Peu de référentiels de comparaison
Mais Emile Hibon souligne qu’une tentative précédente d’externalisation de l’informatique a déjà eu lieu, pour échouer. «A l’été 2009, la direction a envisagé d’externaliser la gestion des postes de travail. Finalement, cela ne s’est pas fait car cela aurait coûté 35 % plus cher que de continuer de se reposer sur les équipes internes.» Mais les données permettant de confronter des projets différents s’arrêtent là : «nous n’avons pas de benchmark récent des services d’infrastructure IT internes. Les benchmarks réalisés par Compass ou Gartner remontent à plus de trois ans.»

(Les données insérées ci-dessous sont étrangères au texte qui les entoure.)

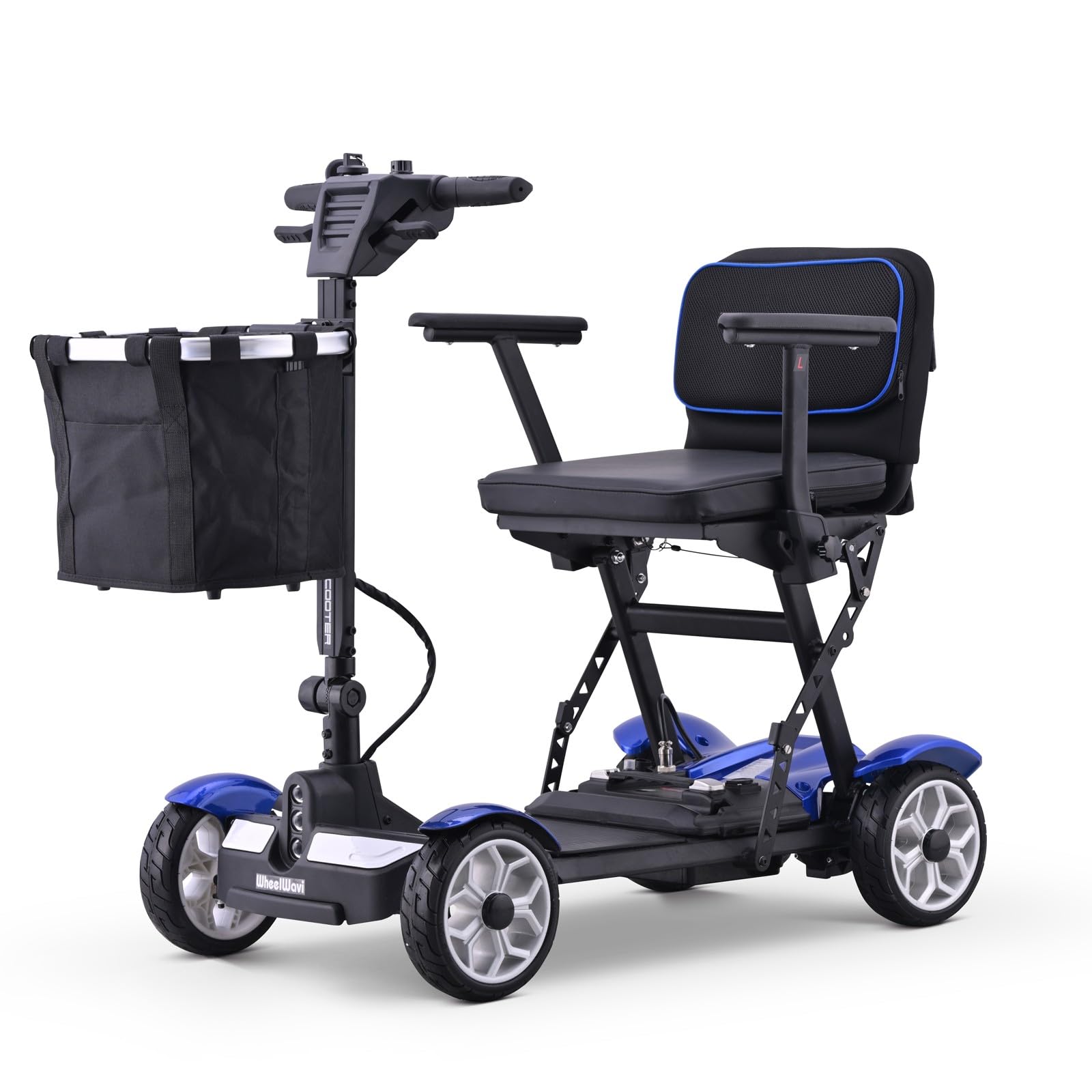 Scooter per disabili a 4 Ruote, Scooter per disabili Pieghevole, Scooter per Anziani, Scooter per disabili per Adulti, batterie e Cestino Anteriore Inclusi, Blu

Faute d’indicateurs sur la performance interne, Emile Hibon dénonce une démarche dogmatique : «sinon, il y a longtemps que le business case serait sorti ! Alors que là, ça évolue au fil de l’eau.»
Un recentrage sur le coeur de métier assumé
L’externalisation n’est pas une expérience nouvelle pour le géant de l’acier : en juin 2008, il a choisi un consortium composé du Français Sopra et de l’Indien MindTree pour la refonte et la maintenance de son parc d’applicatifs de gestion; un contrat de 3 ans auquel a également été associé Satyam. Fin 2009, ce fut au tour de l’unité de services partagés de comptabilité de faire l’objet d’un projet d’externalisation/délocalisation avec le regroupement des activités stratégiques en Pologne et la prise en main des autres - «non stratégiques et répétitives», dixit un communiqué de la CFE-CGC de septembre 2009 - par Wipro. Avec, au passage, une réduction des effectifs de 422 équivalents temps plein (ETP), fin 2008, à 157 ETP fin juin 2010. Wipro s’occuperait également de la gestion de la messagerie électronique d’ArcelorMittal.
En mai 2010, Edouard Martin, responsable CFDT au comité d’entreprise européen d’ArcelorMittal, indiquait ainsi à nos confrères de l’AFP : «la stratégie de Mittal se poursuit, on n’a pas fini de sous-traiter et d’externaliser dans les services non liés directement à la production.»